Modern Concrete For 21st Century Construction

Modern Concrete For 21st Century Construction

02nd September 2015

Last week, as a result of some inspiration provided by the exciting new Kingdom Tower project under construction in Jeddah in Saudi Arabia, we took a look at the history of concrete, one of the most versatile materials known to man.  This week, we aim to bring matters more up to date and provide you with some insights into modern concrete.  You will have already read the story of concrete and how it was harnessed by the Ancient Romans which gave them all they need to design and build some of the most fabulous ancient monuments on our planet, so many of which are still standing to this day and have become  must see tourist attractions.  After the fall of the Roman Empire, the knowledge of how to make and use concrete was all but forgotten.
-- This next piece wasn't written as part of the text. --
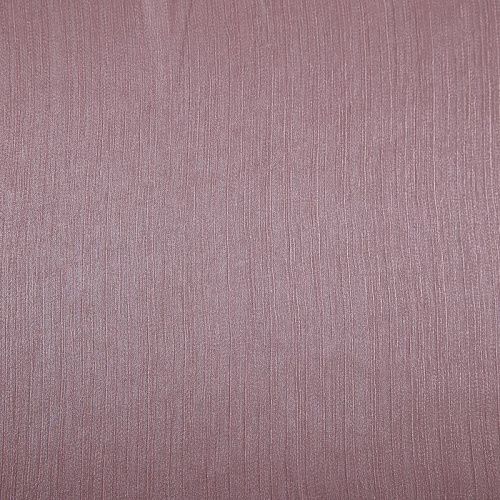 Органза 039-18837 розовый антик однотонный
Centuries later, in 1824, Joseph Aspdin developed and patented Portland Cement, the most common type of cement in general use across the world and used as a basic ingredient of concrete, mortar, stucco and most grout.  The main ingredient in Aspdin’s cement is calcium silicate which is formed by heating limestone and silica rich clays in ovens to a temperature of 1,100° Fahrenheit.  This is just what the Campi Flegrei volcano that provided the Romans with their cement had been doing throughout history!
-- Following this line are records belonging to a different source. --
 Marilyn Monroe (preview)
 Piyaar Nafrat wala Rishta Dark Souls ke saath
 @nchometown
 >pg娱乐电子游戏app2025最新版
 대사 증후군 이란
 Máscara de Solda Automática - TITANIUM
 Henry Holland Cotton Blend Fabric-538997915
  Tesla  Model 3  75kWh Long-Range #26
Take a look at this general recipe for Portland clinker (this is the name given to the dried powder version of the cement):


CCN (Cement Chemist’s Notation


Calcium Oxide, CaO


61 – 67%

Silicon Dioxide, SiO₂


19 – 23%

Aluminium Oxide, Al₂O₃


2.5 – 6%

Ferric Oxide, Fe₃O₃


0 – 6%


1.5 – 4.5%

Proportions can vary depending on the material properties that are required of the cement.

However, concrete is not just cement, it’s all rather more complicated than that.  Modern users of cement have discovered a wide range of useful additives which will allow different types of cement for different applications such as:

  • Road overpasses
  • Dams
  • Reservoirs
  • Runways
  • Buildings
  • Boats

There are all types of concrete additives which can increase electrical conductivity, resistance to acid corrosion, strength and ductility.  Nowadays there are also chemical retardants that can be added to concrete in order to slow hydration, there are accelerators that will speed it up and there are plasticisers that can increase the workability of concrete.  Concrete is becoming more and more versatile as time goes by, nowadays there are pigments that can be added to colour the concrete which is starting a whole new trend of using concrete more indoors as a decorative material. 

Concrete debris was once routinely shipped to landfills for disposal but an increase in environmental awareness is changing all that.  In the spirit of making the construction industry more eco-friendly, concrete recycling is becoming a common method of disposing of concrete structures that are past their sell by date (or being knocked down to make place for newer buildings).

Modern techniques mean that concrete is developing to keep up with the 21st Century and in the coming weeks, we’ll be bringing you more information on some of the most recent developments in the use of concrete, this fascinating and versatile construction material.